This month, the U.S. Geological Survey (USGS) and the Department of Energy Los Alamos National Laboratory entered into a partnership to produce advanced computer models used to predict how wildfires will behave in different situations. These wildfire modeling tools will help fire-, land- and emergency managers plan for, respond to and study the effects of fire on natural landscapes and in the wildland-urban interface.
The partnership, which was formalized on April 15 with the signing of a Memorandum of Understanding, combines the long-term fire- and land management science and vegetation mapping expertise of the USGS with the advanced modeling capabilities of the Los Alamos National Lab.
“The partnership between these two agencies creates an unparalleled opportunity to meet fire managers’ needs at local- to continental scales in the priority areas of climate-fire impacts, natural hazards and risk reduction, and ecosystem response to fire”, said U.S. Geological Survey Associate Director of Natural Hazards Exercising the Delegated Authority of the Director Dave Applegate.
Fire models help managers plan prescribed fires, including where and when these should be implemented. They also can help managers understand and forecast where a wildfire will move and its intensity, saving lives and resources. But current fire models have limitations that reduce their usefulness and accuracy.
Over the last 20 years, the Los Alamos National Laboratory has developed advanced fire-modeling tools, called coupled fire-atmospheric feedback models, which overcome the limitations of existing fire models. The Los Alamos National Laboratory’s fire models can integrate fire behavior with ecological variation, such as subtle changes in vegetation, before, during and after fires. However, the models need up-to-date, high-resolution data, such as weather conditions and available burnable material, to produce high-quality results on fire behavior.
For decades, the USGS has produced fire-related science, national datasets and tools to support Department of the Interior land-management agencies. More recently, the USGS has collected high-resolution remote sensing data that can be used to classify vegetation and other fuels on the landscape. USGS lidar data will increase the accuracy of the Los Alamos National Laboratory’s models.

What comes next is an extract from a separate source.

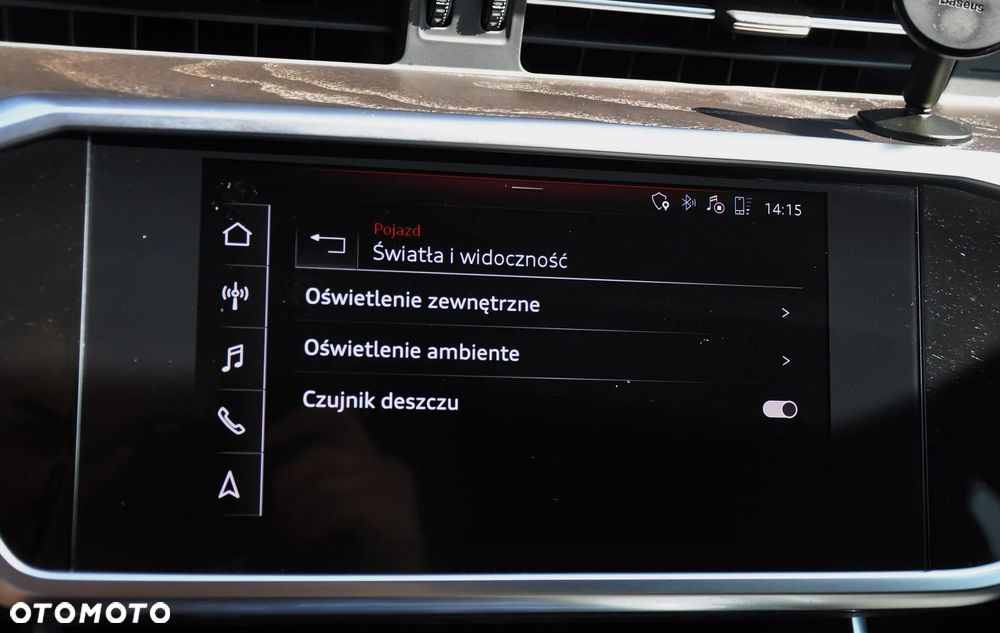 Audi A6 Limousine 40 TDI mHEV Sport S tronic - 27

“This partnership leverages USGS expertise in 3D mapping of terrain and vegetation to support the application of the Los Alamos National Laboratory suite of advanced fire-modeling tools and will provide science support to both research communities and fire managers, who will increasingly rely on more sophisticated understanding of fire behavior to confront novel fire behavior under a changing climate,” said U.S. Geological Survey Associate Director for Ecosystems Anne Kinsinger.
Beyond advancing fire-behavior models, this partnership will also formalize work already being undertaken between the two agencies to test modeling results on federal lands. It will also allow for the creation of a virtual interagency fire-climate-ecosystem modeling center to sustain and apply emerging modeling technology to real-world fire challenges faced by federal, Tribal, state and local land managers.

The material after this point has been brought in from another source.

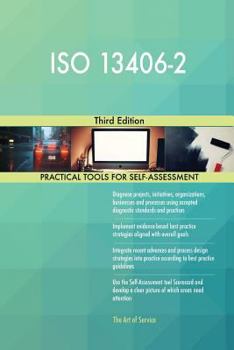 Paperback ISO 13406-2 Third Edition Book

“We are aiming to create a whole that is greater than the sum of the independent parts,” said Wildfire-modeling Team Lead at Los Alamos Rod Linn. “Increasingly available higher-fidelity data describing the fire environment, such as fuels, atmosphere and topography, enables modeling efforts to envision and realize a more comprehensive description of fire behavior and fire effects. Forward-thinking model development can inspire creative data collection and mapping directions.”

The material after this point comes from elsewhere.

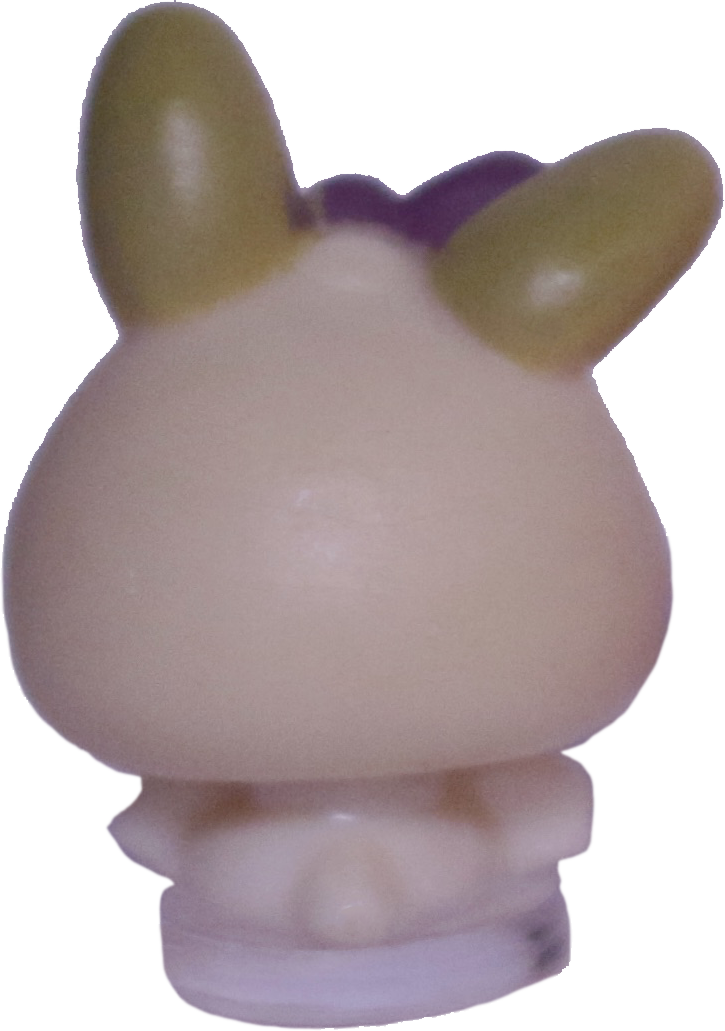 #T18 Teensiest Bunny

The impact of wildfires has grown in the U.S. over the last several decades. 2017, 2018 and 2020 were especially devastating, setting records for human fatalities, health impacts, homes destroyed, economic effects and ecosystems damaged. Understanding and predicting fire behavior is critical to understanding risks and consequences to communities and ecosystems.
The USGS is committed to filling the gaps in fire-science knowledge to protect human and natural communities. The partnership with the Los Alamos National Laboratory puts the two agencies at the forefront of fire science to understand fire-related processes and to provide critical, actionable science to fire-, land- and emergency managers. Furthermore, combining Los Alamos National Laboratory’s modeling tools with the USGS’s capacity for 3D vegetative inputs creates an unparalleled opportunity to meet fire managers’ needs at local to continental scales.